On the kinematic nature of apparent discs at high redshifts: Local counterparts are not dominated by ordered rotation but by tangentially anisotropic random motion

TL;DR

High-redshift galaxies observed by JWST, often classified as discs, may actually be dynamically hot or warm systems supported by tangential anisotropic motion rather than ordered rotation, as shown by local galaxy analogs.

Contribution

This study demonstrates that local low-mass, star-forming galaxies with similar shapes are supported by anisotropic random motions, challenging the assumption that high-z galaxies are cold, rotation-supported discs.

Findings

Local low-mass galaxies are supported by tangential anisotropic motion.

High-z galaxies may be dynamically hot/warm rather than cold discs.

Shape transition from prolate to oblate indicates change in orbital anisotropy.

Abstract

It is not straightforward to physically interpret the apparent morphology of galaxies.

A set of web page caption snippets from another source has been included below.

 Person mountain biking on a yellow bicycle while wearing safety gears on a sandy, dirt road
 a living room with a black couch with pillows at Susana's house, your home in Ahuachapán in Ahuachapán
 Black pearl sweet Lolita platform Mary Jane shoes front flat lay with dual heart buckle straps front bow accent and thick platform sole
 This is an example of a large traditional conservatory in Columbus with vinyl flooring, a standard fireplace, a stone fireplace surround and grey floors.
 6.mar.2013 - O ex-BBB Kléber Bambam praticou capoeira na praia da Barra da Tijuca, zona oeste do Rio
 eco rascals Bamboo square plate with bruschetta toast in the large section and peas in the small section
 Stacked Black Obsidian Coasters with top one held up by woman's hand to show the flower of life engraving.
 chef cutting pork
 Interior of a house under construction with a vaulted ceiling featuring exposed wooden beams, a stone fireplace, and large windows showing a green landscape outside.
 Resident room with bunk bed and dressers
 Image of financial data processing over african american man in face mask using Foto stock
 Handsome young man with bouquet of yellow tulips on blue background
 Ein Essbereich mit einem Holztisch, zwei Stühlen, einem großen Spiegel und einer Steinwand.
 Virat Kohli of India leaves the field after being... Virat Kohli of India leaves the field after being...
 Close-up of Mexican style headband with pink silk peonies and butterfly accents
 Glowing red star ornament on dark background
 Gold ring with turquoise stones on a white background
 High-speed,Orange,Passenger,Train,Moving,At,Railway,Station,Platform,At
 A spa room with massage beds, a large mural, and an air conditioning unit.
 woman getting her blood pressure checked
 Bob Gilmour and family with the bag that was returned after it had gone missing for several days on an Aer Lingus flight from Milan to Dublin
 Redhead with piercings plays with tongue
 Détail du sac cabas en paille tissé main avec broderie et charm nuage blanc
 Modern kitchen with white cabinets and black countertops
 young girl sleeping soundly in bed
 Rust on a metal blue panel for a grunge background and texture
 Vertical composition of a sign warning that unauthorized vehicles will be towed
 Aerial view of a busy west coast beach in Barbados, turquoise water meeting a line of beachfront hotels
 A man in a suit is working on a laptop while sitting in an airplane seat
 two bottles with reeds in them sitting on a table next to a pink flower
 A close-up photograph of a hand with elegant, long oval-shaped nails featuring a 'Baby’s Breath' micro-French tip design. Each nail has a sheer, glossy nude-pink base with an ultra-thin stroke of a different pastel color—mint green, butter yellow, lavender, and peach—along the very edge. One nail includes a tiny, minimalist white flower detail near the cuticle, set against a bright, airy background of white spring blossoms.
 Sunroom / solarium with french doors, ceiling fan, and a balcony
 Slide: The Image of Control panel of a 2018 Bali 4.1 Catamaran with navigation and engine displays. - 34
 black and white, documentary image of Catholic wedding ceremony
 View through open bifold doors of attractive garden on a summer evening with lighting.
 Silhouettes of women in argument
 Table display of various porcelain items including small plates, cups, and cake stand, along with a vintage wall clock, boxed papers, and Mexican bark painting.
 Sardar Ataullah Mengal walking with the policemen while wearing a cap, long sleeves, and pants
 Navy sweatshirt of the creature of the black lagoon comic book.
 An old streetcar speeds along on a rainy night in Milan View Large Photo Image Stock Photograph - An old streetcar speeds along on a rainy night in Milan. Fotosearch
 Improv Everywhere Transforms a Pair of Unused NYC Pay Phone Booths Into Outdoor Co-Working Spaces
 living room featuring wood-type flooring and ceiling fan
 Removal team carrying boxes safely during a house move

Recent observations by James Webb Space Telescope (JWST) revealed a dominant galaxy population at high redshifts ($z>2$) that were visually classified as discs for their flattened shapes and/or exponential light profiles. The extensively accepted interpretation is that they are dynamically cold discs supported by bulk rotation. However, it is long known that flattened shapes and exponential profiles are not exclusive for rotating disc structure. To break degeneracy and assess the rotational support of typical high-$z$ galaxies in the JWST samples, those with active star formation and stellar masses $\mathrm{lg}(\mathcal{M}_{\star}/\mathcal{M}_{\odot})\sim9$, we study the kinematics of their equal-mass counterparts at $z=0$. While these local star-forming low-mass galaxies are photometrically similar to real dynamically cold discs, they are not supported by ordered rotation but primarily by random motion, and their flattened shapes result largely from tangential orbital anisotropy. Given the empirical and theoretical evidence that young galaxies are dynamically hotter at higher redshifts, our results suggest that the high-$z$ JWST galaxies may not be cold discs but are dynamically warm/hot galaxies with flattened shapes driven by anisotropy. While both having low rotational support, local low-mass galaxies possess oblate shapes, contrasting the prolate shapes (i.e. cigar-like) of low-mass systems at high redshifts. Such shape transition (prolate$\Rightarrow$oblate) indicates an associated change in orbital anisotropy (radial$\Rightarrow$tangential), with roots likely in the assembly of their host dark matter halos.